Over the last two years, USAID has been working toward two Agency-wide localization targets set out by Administrator Power in 2021. First, by Fiscal Year (FY) 2025, USAID will direct a quarter of its funding directly to local partners. Second, by 2030, at least half of USAID programs will create space for local actors to exercise leadership over priority setting, program design, implementation, and defining and measuring results. This report is the second status update on USAID’s progress toward those targets. It also details a range of recent efforts that will help underpin future progress.

In FY 2023, USAID obligated $1.5 billion to local partners and another $68 million to regional partners. USAID also provided $156 million through government-to-government (G2G) assistance agreements. The percentage of funding going directly to local partners in FY 2023 declined slightly from last year, from 10.2 to 9.6, though other trends in the data point to signs of progress. Both the number of new awards to local partners and the number of local partners with whom USAID works have increased annually over the last three years and reached new highs in FY 2023. By sector, health stands out, with more than 20 percent of health funding going to local partners in FY 2023. Africa remains the region with the highest proportion of direct local funding (22 percent).

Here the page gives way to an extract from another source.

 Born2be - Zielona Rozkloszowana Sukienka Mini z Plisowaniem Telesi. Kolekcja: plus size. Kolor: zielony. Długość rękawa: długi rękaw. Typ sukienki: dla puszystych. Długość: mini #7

In addition to shifting funding, USAID is also focused on shifting power to local actors and communities. Over the last year—informed by consultations with a broad range of external and internal stakeholders—USAID developed and piloted a new Locally Led Programs indicator that tracks the extent to which USAID programs employ a set of “good practices” that advance locally led development over the life of a project. These practices include approaches such as co-creation; participatory monitoring, evaluation, and learning processes; and accountability and feedback mechanisms. In FY 2023, USAID piloted this metric across approximately half of the Agency’s portfolio. Overall, approximately half of the programs assessed in the pilot utilized at least two good practices. These strong results present an opportunity to raise USAID’s ambition around how the Agency elevates and measures local leadership in its programs. Lessons from the pilot will also inform adjustments to the indicator before USAID applies the metric Agency-wide in 2024.

Targets alone do not drive progress. Over the last year, USAID has undertaken a wide range of efforts to advance locally led development and humanitarian response. The Agency has developed new tools and resources to support staff to work in more locally led ways. It has reduced barriers to entry for local partners through increased outreach, expanded use of local languages, more flexible and tailorable pre-award assessments for local partners, and more. USAID is also focused on being a better partner by expanding the use of mechanisms with lower compliance burdens, taking steps to support partners’ full cost recovery, and encouraging staff to reduce reporting burdens.

Localization also requires systems and culture change across the whole Agency. While progress on a reform effort of this magnitude will take place incrementally, the momentum and signs of progress are there, even as USAID faces more work ahead to create more equitable, inclusive partnerships that produce more sustainable impact.